DRAFT PROSPECTUS DISCLOSURE FOR

NATURAL RESOURCES SECURITIES FUND

   If Proposal 3 of the attached Proxy Statement is approved by shareholders,
the name, investment objective and concentration policy of the Precious Metals
Fund, a series of Franklin Valuemark Funds ("Trust"), would be changed into
those of a proposed Natural Resources Securities Fund. This Appendix contains
the proposed description of the Natural Resources Securities Fund which would
replace the description of the Precious Metals Fund in the Trust prospectus.

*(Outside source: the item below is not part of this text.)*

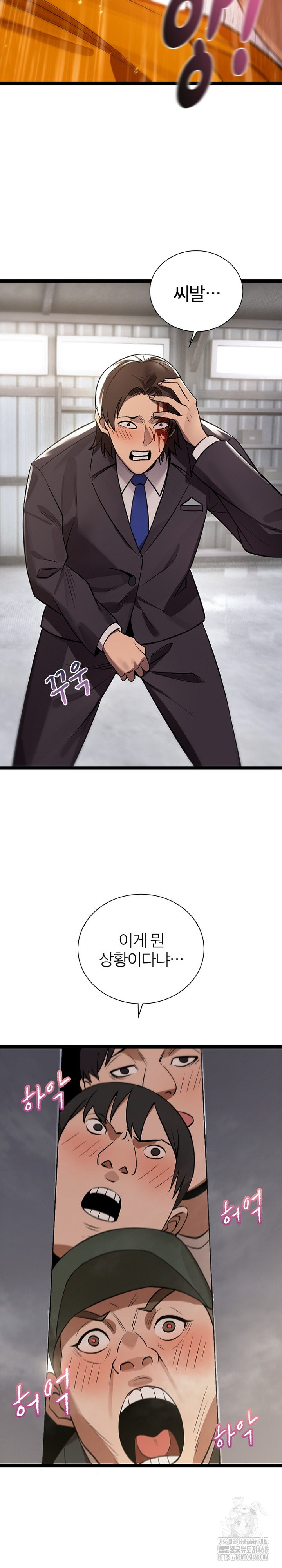 Secret Massage Raw - Page 25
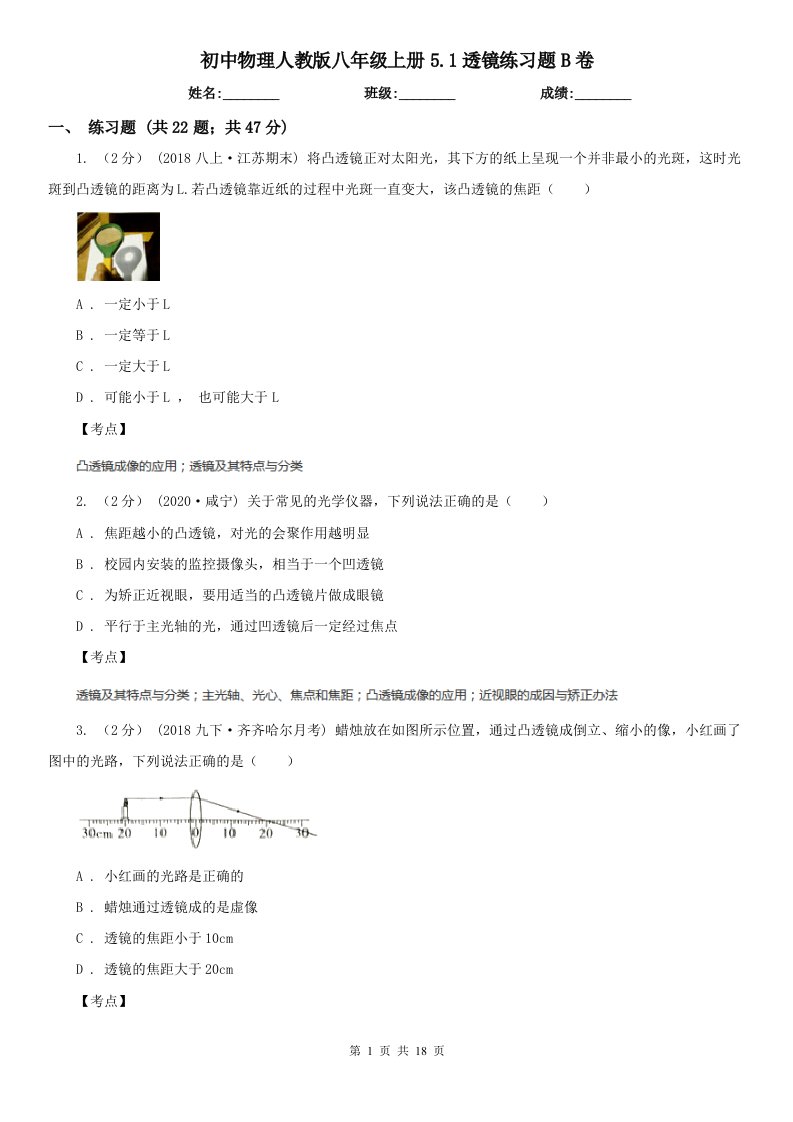 初中物理人教版八年级上册5.1透镜练习题B卷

   This description is intended to provide you with additional information
regarding Proposal 3. It does not, however, have all of the information which
will appear in the prospectus. In particular, it does not contain financial
information, or detailed descriptions of the investment policies, restrictions
and risks which are common to more than one fund. This information, currently in
the Franklin Valuemark Funds prospectus dated November 8, 1996, as amended
January 14, 1997, would not be affected by Proposal 3. In addition, like all
prospectus disclosures, other than fundamental policies or restrictions
requiring shareholder approval, the description below may be changed by the
Trust in the future. For these reasons, you should read the prospectus which is
in effect at the time of your next investment decision prior to making an
investment in the fund described below.

A. The following would replace the subsection entitled "Precious Metals Fund"
under "Fund Investment Objectives and Policies":

      Natural Resources Securities Fund

      The Natural Resources Securities Fund's investment objective is capital
      appreciation; current income is a secondary objective. The Fund seeks to
      achieve its objective by concentrating its investments in securities
      issued by companies in or related to the natural resources sector.

      Portfolio Investments. Under normal market conditions, the Fund will
      invest primarily (at least 65% of assets) in securities issued by
      companies in or related to the natural resources sector. Companies in the
      natural resources sector may own, produce, refine, process or market
      natural resources, or provide support services for natural resources
      companies (e.g., develop technologies or provide services, supplies or
      equipment directly related to the production of natural resources). The
      natural resources sector includes, but is not limited to, the following
      industries: integrated oil; oil and gas exploration and production; gold
      and precious metals; steel and iron ore production; aluminum production;
      forest products; farming products; paper products; chemicals; building
      materials; energy services and technology; environmental services; and
      energy generation and distribution.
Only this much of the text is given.